Первое, что я увидел, когда за мной захлопнулись тормоза[2], был парень, двигающий по ноздре белый порошок, а помогал ему в этом какой-то хач. А рядом на верхнем ярусе шконки[3] сидел не то таджик, не то узбек. Дальше из-за тусклого света я ничего распознать не мог.
«Ну все, к хачам кинули, теперь точно убьют,» - промелькнуло у меня в голове.
- Ты кто? За что попал? – спросил хач.
- Мусора за убийство взяли, но я не убивал.
- Всэ мы здэсь нэ убывалы, всэ не за что сыдым. Ха-ха-ха, - по камере разнесся дружный хохот.

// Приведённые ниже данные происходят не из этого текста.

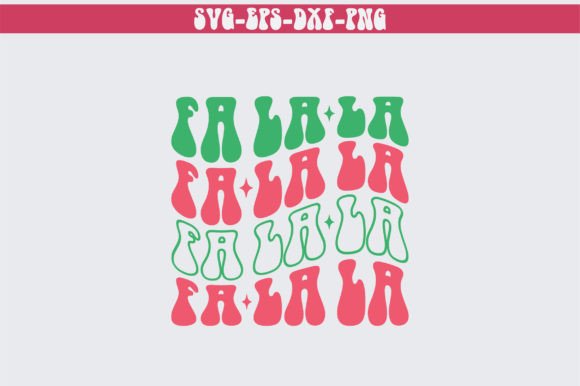 Fa La La Retro Svg Design Review for Real Embroidery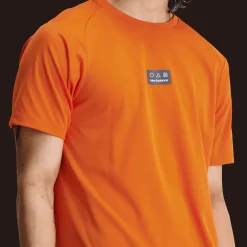 Impact Run At N-Vent Short Sleeve, T-Skjorte, Herre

- Да ты не робей, пацан. Иди вон лучше похавай что-нибудь. Жрачки у нас много. А хочешь, чифиру заварим, - из глубины хаты[4] вышел парень, ровесник мне, в спортивном костюме, на мою радость русский, и совсем непохожий на уголовника. – А мы вот с приятелями по пьяни машину угнали, думали, покатаемся и вернем. А тут хозяин тачки появился, давай на помощь звать. Я пьяный был, пацаны разбежались, а я, чтоб напугать его, нож достал, говорю: «Не ори, сука, прибью». Тут соседи, дружки его, на крик выбежали, заластали меня и мусоров вызвали. Теперь вот тут сижу, мать адвоката наняла, но, говорят, дела мои плохи, срок могут дать. Да ты не стесняйся, хавай давай.
«Какой тут «хавай» - выебут завтра, и кукарекай потом всю жизнь. Что же делать? Может, сказать мусорам, что это я? Так ведь не я. Вот говорят, «скажи, на кого хочешь». А как сказать, если я точно знаю, что никто из наших мужика этого в глаза даже не видел? Не могу так. Что же придумать? Пиздец какой-то!»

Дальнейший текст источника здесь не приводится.